Rational Approaches to Online Image Licensing
Stock image agencies and Creative Commons licenses provide ways for people to get licenses to many images for use in published materials. But it’s still very easy to search the Internet for images and use them without even knowing their copyright status or license terms. In this session, we’ll discuss the possible carrots (convenient licensing frameworks) and sticks (enforcement) that can be used to solve this problem and the roadblocks that stand in the way.
Is 13 an Unlucky Number? Effects of the EU Copyright Directive
The Future of Music Mechanical Licensing
The passage of the Music Modernization Act sets the stage for a major shift in practices around mechanical licensing of musical compositions for streaming services. Our panel will predict possible futures for the single mechanical licensing agency that the Act calls into being. We will discuss whether it will live up to the expectations of the bill’s supporters and what effect it will have on precision and accountability for royalty payments in the largest and fastest-growing segment of recorded music industry revenue today.
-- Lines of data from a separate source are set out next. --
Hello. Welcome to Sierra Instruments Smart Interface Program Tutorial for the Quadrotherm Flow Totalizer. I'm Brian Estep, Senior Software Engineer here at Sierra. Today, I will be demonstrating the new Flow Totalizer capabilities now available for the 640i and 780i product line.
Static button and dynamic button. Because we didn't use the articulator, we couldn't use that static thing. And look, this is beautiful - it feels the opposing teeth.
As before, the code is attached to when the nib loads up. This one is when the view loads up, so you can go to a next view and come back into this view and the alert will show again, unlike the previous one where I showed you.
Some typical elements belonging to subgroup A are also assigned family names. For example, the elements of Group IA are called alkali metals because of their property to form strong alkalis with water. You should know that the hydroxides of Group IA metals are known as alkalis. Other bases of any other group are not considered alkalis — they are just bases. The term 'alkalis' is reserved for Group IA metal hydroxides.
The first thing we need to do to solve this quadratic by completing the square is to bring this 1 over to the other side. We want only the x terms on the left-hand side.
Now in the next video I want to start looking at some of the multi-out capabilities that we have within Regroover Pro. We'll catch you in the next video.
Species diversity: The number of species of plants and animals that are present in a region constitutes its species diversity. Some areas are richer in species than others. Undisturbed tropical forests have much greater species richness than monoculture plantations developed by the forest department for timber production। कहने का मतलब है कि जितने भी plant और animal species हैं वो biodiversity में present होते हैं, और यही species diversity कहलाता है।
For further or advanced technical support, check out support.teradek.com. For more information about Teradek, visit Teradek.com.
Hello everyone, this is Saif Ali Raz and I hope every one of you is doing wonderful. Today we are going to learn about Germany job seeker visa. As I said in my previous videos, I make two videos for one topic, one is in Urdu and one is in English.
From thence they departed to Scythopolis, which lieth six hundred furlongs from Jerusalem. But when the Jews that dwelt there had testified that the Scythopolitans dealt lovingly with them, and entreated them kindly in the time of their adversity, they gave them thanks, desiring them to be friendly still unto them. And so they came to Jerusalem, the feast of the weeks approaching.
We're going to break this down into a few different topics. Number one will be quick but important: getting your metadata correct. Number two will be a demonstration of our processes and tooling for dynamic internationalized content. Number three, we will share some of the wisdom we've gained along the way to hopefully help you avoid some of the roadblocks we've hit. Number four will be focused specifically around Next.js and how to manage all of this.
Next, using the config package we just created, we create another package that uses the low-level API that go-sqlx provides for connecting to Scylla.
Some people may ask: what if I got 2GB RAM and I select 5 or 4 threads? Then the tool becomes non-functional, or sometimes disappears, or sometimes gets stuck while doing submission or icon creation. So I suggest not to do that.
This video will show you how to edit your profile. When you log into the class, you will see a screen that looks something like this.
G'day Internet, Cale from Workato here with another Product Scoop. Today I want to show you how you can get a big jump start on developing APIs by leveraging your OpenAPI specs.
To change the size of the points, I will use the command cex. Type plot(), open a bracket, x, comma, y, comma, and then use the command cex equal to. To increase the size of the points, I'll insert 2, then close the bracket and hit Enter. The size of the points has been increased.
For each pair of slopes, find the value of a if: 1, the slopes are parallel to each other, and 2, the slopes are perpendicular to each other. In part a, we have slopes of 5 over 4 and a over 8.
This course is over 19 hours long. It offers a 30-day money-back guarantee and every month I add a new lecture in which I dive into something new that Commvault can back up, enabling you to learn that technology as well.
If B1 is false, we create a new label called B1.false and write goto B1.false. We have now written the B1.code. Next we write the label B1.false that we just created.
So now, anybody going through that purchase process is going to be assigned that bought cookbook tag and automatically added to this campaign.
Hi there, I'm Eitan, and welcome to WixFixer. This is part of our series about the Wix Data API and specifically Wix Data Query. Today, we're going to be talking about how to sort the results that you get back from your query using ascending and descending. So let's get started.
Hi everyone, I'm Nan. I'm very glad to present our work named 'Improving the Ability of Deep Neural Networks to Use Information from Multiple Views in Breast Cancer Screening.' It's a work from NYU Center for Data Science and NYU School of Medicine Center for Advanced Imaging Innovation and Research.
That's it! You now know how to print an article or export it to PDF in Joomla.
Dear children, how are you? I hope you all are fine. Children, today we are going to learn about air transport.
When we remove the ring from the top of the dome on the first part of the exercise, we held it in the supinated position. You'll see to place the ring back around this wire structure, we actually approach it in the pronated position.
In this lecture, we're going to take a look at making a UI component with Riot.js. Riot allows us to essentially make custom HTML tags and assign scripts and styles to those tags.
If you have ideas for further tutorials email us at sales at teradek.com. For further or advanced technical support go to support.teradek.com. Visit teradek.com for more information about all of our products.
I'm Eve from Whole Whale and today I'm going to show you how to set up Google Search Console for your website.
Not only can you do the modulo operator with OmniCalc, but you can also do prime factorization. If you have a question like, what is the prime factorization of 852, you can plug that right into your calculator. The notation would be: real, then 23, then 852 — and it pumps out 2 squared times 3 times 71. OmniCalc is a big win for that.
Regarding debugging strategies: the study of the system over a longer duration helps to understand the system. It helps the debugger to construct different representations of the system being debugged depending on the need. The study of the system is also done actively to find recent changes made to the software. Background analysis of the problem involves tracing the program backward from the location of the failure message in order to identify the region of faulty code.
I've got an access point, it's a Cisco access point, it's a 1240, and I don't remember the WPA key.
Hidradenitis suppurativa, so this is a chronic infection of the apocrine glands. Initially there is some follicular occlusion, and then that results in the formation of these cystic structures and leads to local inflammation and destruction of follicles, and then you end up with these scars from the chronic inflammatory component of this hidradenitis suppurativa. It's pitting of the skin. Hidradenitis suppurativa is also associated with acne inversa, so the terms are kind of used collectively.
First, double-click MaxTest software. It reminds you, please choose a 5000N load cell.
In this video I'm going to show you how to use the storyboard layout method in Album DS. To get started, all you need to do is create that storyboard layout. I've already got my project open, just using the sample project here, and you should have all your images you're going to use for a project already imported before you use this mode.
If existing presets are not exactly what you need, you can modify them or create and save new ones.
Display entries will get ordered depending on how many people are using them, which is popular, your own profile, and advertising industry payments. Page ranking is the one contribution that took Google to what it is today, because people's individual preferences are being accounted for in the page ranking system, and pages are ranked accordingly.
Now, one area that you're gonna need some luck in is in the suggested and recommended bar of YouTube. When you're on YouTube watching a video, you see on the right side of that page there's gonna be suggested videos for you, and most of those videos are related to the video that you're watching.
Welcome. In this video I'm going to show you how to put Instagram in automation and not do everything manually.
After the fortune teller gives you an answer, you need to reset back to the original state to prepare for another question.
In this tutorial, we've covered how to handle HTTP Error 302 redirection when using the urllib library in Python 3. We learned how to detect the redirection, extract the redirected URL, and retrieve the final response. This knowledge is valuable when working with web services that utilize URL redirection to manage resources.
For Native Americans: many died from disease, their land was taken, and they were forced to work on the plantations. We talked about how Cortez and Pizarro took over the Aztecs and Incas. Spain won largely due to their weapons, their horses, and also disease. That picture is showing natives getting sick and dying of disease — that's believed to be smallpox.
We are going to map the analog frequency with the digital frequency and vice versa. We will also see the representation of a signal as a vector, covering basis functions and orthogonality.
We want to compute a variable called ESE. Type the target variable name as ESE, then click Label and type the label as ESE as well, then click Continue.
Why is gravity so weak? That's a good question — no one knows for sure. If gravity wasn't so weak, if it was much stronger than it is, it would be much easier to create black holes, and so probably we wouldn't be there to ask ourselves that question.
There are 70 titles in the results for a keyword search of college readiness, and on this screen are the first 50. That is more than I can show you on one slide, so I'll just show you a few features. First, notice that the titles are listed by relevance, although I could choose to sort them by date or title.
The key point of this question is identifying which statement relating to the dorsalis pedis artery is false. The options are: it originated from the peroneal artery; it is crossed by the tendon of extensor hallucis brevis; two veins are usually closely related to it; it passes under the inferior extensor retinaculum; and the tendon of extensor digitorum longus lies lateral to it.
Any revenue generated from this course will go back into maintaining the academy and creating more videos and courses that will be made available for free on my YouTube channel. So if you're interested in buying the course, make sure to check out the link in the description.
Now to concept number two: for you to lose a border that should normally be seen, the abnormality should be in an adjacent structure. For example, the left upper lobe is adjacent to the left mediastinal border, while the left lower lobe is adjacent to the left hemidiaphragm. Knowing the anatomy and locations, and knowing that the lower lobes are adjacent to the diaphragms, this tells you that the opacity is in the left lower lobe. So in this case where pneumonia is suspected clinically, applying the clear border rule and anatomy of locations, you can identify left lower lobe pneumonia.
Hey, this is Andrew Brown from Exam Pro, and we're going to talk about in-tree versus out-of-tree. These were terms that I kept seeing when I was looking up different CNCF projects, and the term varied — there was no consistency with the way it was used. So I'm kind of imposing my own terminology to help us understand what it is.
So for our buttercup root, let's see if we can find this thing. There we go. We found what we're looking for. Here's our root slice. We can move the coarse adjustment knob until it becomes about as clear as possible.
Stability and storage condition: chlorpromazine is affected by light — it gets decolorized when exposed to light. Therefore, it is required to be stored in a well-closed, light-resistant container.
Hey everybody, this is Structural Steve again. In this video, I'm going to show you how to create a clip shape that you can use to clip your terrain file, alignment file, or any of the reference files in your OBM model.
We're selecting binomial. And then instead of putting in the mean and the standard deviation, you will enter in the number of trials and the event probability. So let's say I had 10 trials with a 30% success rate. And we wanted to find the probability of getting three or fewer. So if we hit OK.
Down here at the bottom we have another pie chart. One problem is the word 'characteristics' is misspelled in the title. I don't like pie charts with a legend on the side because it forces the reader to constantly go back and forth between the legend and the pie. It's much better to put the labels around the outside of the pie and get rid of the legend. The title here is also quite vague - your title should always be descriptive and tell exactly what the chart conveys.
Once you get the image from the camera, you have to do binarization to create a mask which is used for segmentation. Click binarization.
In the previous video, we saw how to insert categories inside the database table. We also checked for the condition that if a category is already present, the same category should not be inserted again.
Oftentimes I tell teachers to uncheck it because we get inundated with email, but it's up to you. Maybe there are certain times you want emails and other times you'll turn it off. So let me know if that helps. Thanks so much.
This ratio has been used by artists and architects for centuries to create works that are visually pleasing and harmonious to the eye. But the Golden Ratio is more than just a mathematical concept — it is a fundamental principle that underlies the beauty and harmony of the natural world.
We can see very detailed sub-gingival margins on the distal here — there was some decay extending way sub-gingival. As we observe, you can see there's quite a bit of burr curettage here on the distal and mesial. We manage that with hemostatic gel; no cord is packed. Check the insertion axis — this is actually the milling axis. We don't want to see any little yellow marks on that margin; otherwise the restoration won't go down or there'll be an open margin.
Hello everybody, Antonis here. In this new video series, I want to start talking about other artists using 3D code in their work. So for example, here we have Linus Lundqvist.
Content Ownership I (Law & Policy Track): Litigations
If you buy a physical item such as a print book, vinyl LP, or DVD, the content is yours to do with as you please; if you stream music on Spotify or video on Netflix, it’s clearly not. If you buy a physical product that entitles you to a digital download of the same content, it’s a gray area. We’ll have a stimulating discussion on the meaning of ownership in the digital age and how it’s likely to play out given recent developments in litigations such as Capitol v. ReDigi and Disney v. Redbox.
Content Ownership II (Technology Track): Blockchains and DRM
If you purchase a music file or e-book online, you usually get rights from the retailer’s end user license agreement that are more restricted than for physical books or records. At the same time, startups are building new services that use blockchain technology to emulate content ownership for digital files more closely than traditional downloads. This raises two questions: how well do these blockchain solutions emulate ownership? And what types of DRM technologies — if any — are necessary to do this? In this session, we’ll hear from both the startups and the skeptics.
I’m accepting proposals to moderate or speak on any of these now. When sending your proposal, please include the following information:
- The basics: proposed speaker’s name, position, organization, etc.
- A bio or CV, or a link to one (LinkedIn or law firm page is fine)
- Session name
- Are you proposing to speak or moderate?
- Brief description of your perspective on or experience with the topic
- Contact information of proposed speaker
I will accept proposals on a rolling basis, but we intend to publish the full slate of speakers by the end of October. Moderator proposals are preferred over speaker proposals. If you are submitting a proposal on behalf of someone else, please note that if the proposal is accepted, the speaker must confirm personally before he or she will be put on the program. Finally, this is a tentative list of sessions; if you have an idea for another one, I’d love to hear it.